In the beginning the Macintosh had one mouse, with one button. Sure, things were simpler back then, but by having only a single button Apple kept them that way. The Mac didn’t have to start off with a one button mouse. Other computer platforms at the time included more than one button. But by including only a single button Apple modeled its mouse after a finger that could perform only a single task, point.
The “right-click” introduced on two button mice is like a secret snap of the fingers that reveals hidden possibilities. Initiated users who know about the snap probably know about the secret functionality it reveals, but the rest of us are left facing only the possibilities exposed by the application’s user interface. As long as Apple continues to ship one button mice, developers are forced to design applications that expose all of their functionality to one button users.
Apple began to break away from the simplicity of a pointing finger with the introduction of the Mighty Mouse. The Mighty Mouse’s hidden right-click and secret gestures invited developers to include hidden functionality in their own applications. The situation has continued to get worse as Apple has included more gestures into their pointing devices.
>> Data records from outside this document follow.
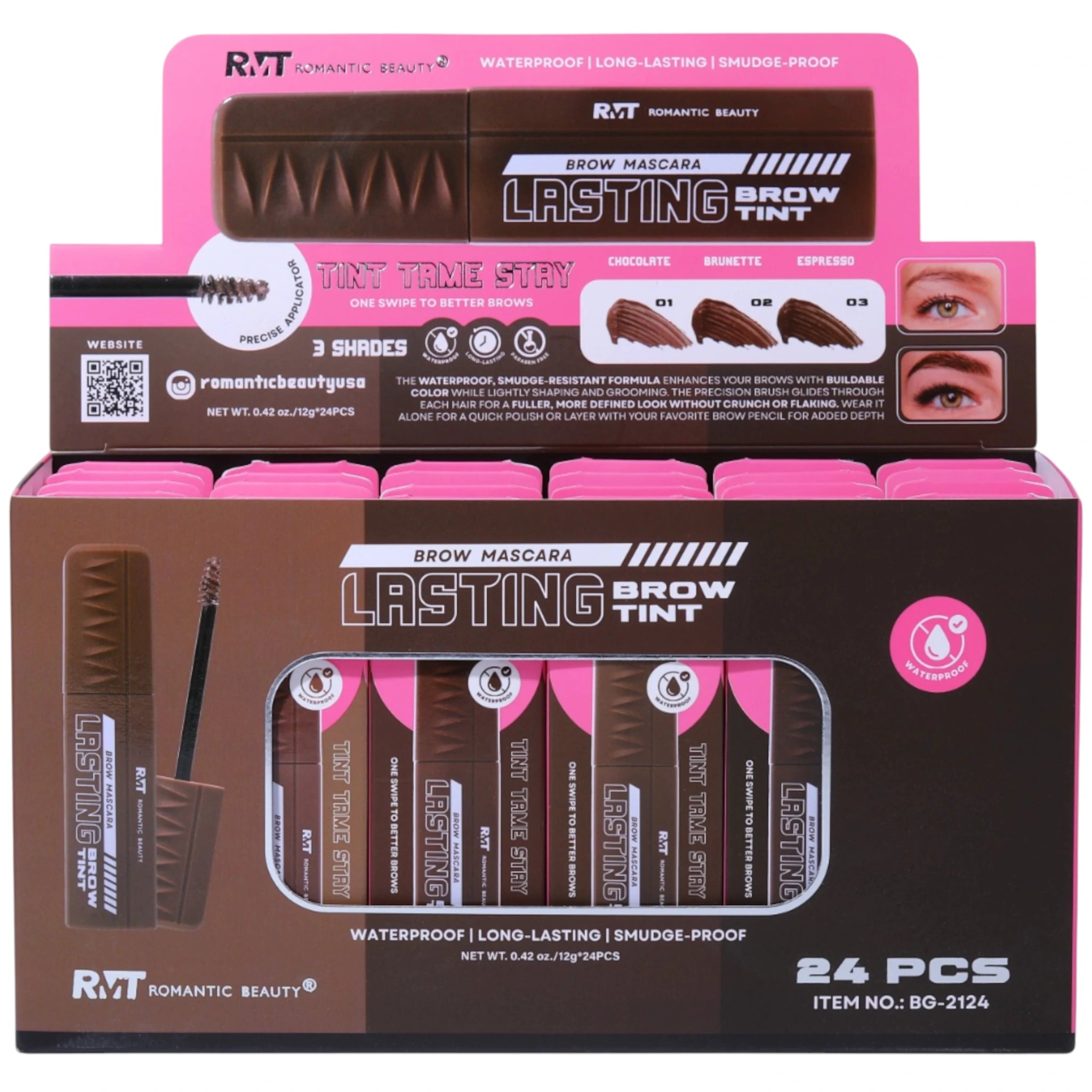 (24-pack) Romantic Beauty Lasting Brow Tint Mascara
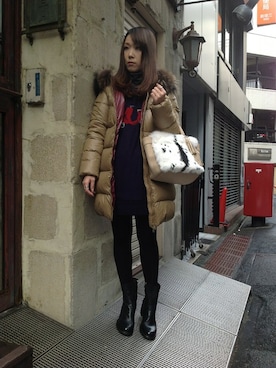 「B'2nd（ビーセカンド）のアイテム（ダウンジャケット/コート）」を使った、B'2nd shinjuku LADYSさん（レディース・156cm）の冬コーディネート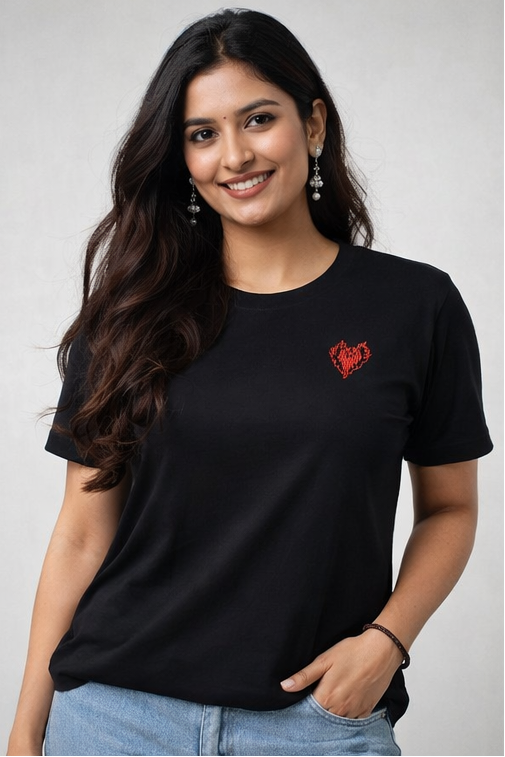 Collage of a man and woman wearing black t-shirts with a red heart design on a white background.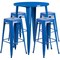 Emma and Oliver Commercial Grade 30" Round Metal Indoor-Outdoor Bar Table Set, 4 Backless Stools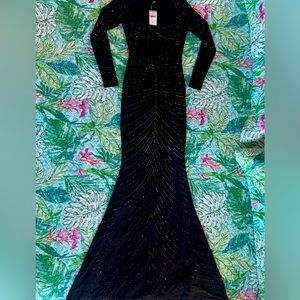 Black Glitter Long sleeve Prom dress, Never worn, Amazing quality, Bnwt.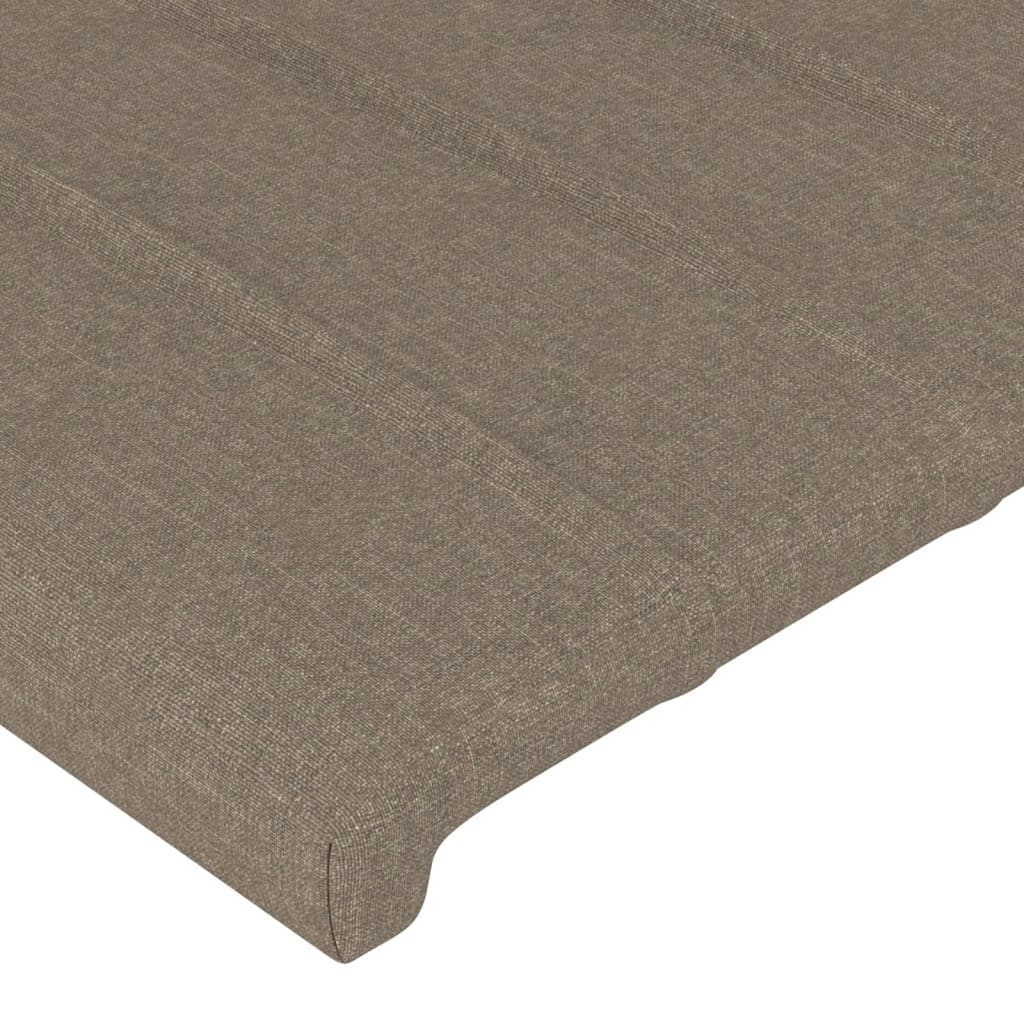 sengegavl med kanter 163x23x78/88 cm stof gråbrun - Image 5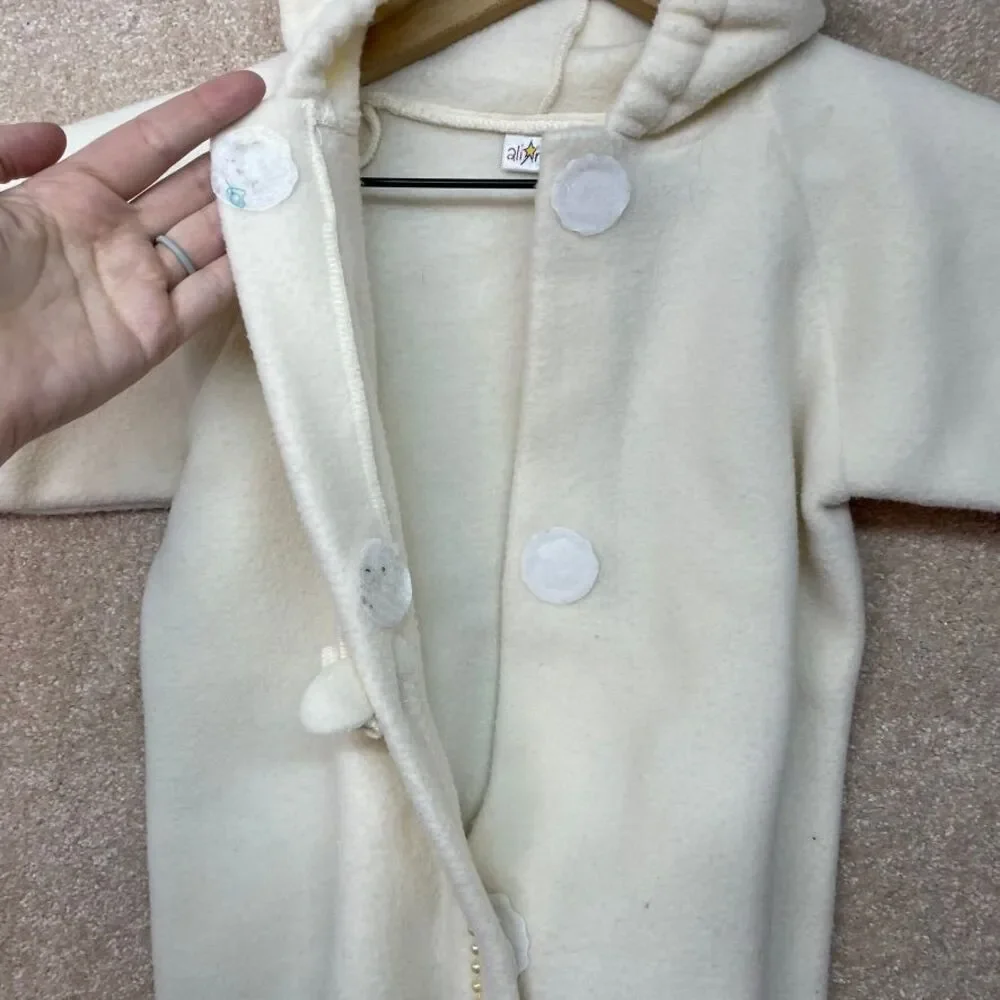Vintage Ali Mac One Piece Baby Fleece Bunting Suit Girls Size‎ 12 Months 12M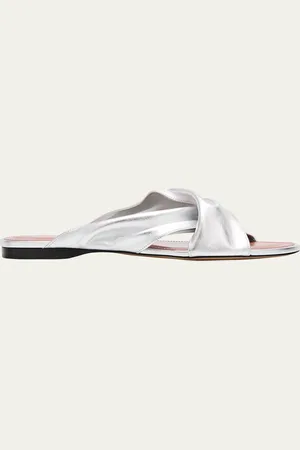 PARIS TEXAS Maria Metallic Crisscross Flat Sandals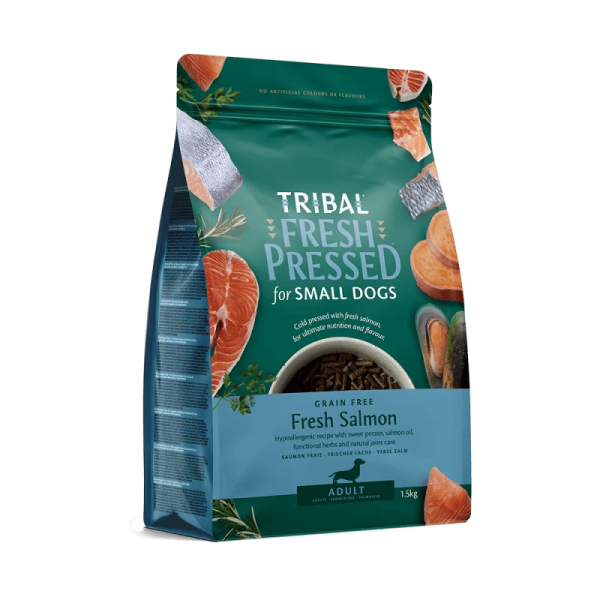 TRIBAL šunų ėdalo maišelis Fresh Pressed su lašiša suaugusiems mažiems šunims, 1,5 kg
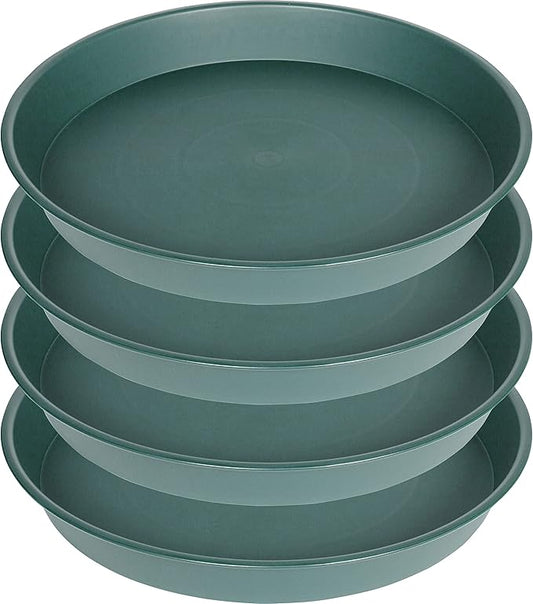 4 Pack of 16 inch Plant Saucer (13.5" Base), Heavy Duty Plastic Plant Tray for Pots, Flower Water Trays for Indoors, Bird Bath Bowls, Plant Drip Saucers for Planter 14"/15"/16" (Green)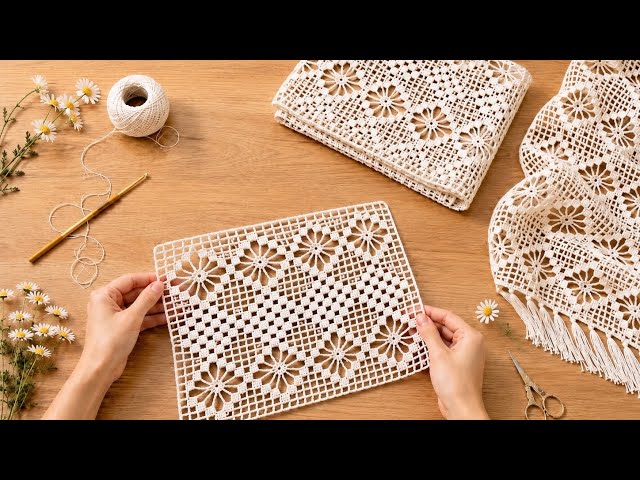 🤍 How to Make a Tile Crochet Pattern? Step-by-Step Easy Blouse, Shawl, Runner Guide / DIY Crochet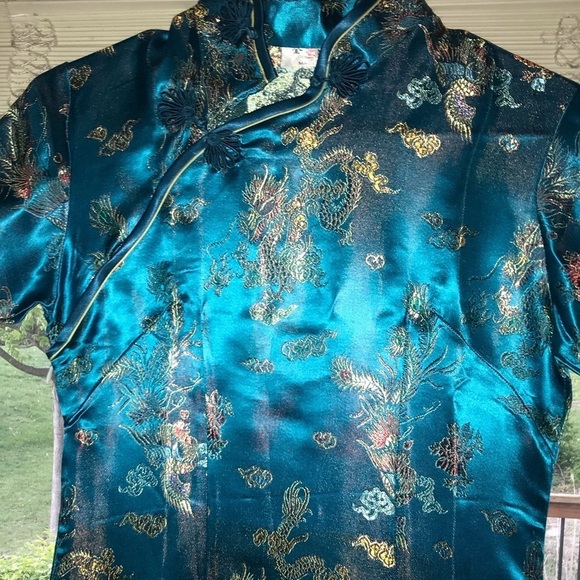 🐉 STUNNING *NEW* TURQUOISE CHINESE CHEONGSHAM QIPAO DRESS 👗 SIZE MED US SZ 2 - Picture 3 of 14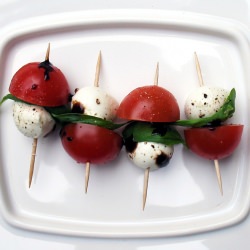 Mozzarella Tomato and Basil Sticks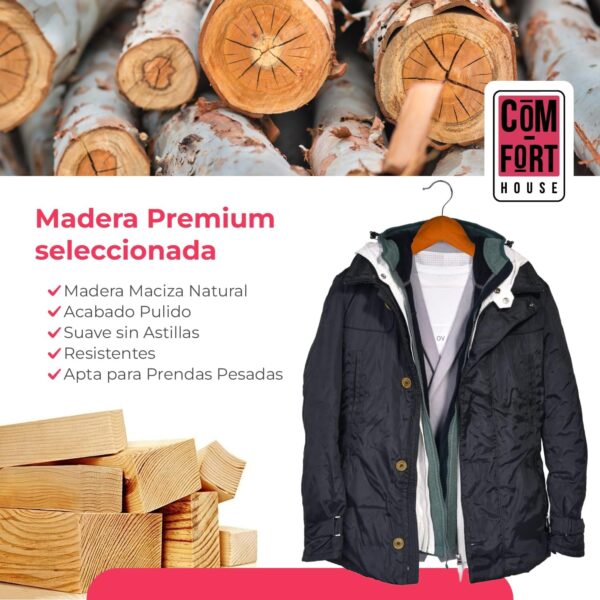 Pack de 10 Perchas de Madera Maciza Nogal con Gancho Giratorio 360° y Muescas Antideslizantes - con Barra para Pantalones - Alta Resistencia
Instead of a mouse with a single button today’s users are presented with “magical” mice and trackpads with hidden gestures, and indiscernible controls. It is even rumored that the next iOS devices will do away with the physical Home Button in favor of multi-touch gestures. Removing the buttons from devices, and introducing hidden gestures conceals a computers operation and usefulness from the user. Keeping the choices a user faces in plain sight without the need of a secret snap is one lesson from yesterday’s Mac that should not be forgotten.